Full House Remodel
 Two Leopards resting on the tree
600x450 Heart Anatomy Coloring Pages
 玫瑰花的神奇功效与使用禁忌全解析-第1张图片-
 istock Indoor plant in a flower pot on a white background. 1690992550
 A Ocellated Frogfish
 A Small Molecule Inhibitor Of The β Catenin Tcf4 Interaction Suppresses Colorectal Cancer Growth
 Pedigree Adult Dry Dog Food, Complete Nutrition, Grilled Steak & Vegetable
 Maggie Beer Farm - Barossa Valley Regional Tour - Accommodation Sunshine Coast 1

________

_Task brief:_
Restate the whole listing word for word so that no line differs from the original.

_Answer for this exercise:_
Full House Remodel
 Two Leopards resting on the tree
600x450 Heart Anatomy Coloring Pages
 玫瑰花的神奇功效与使用禁忌全解析-第1张图片-
 istock Indoor plant in a flower pot on a white background. 1690992550
 A Ocellated Frogfish
 A Small Molecule Inhibitor Of The β Catenin Tcf4 Interaction Suppresses Colorectal Cancer Growth
 Pedigree Adult Dry Dog Food, Complete Nutrition, Grilled Steak & Vegetable
 Maggie Beer Farm - Barossa Valley Regional Tour - Accommodation Sunshine Coast 1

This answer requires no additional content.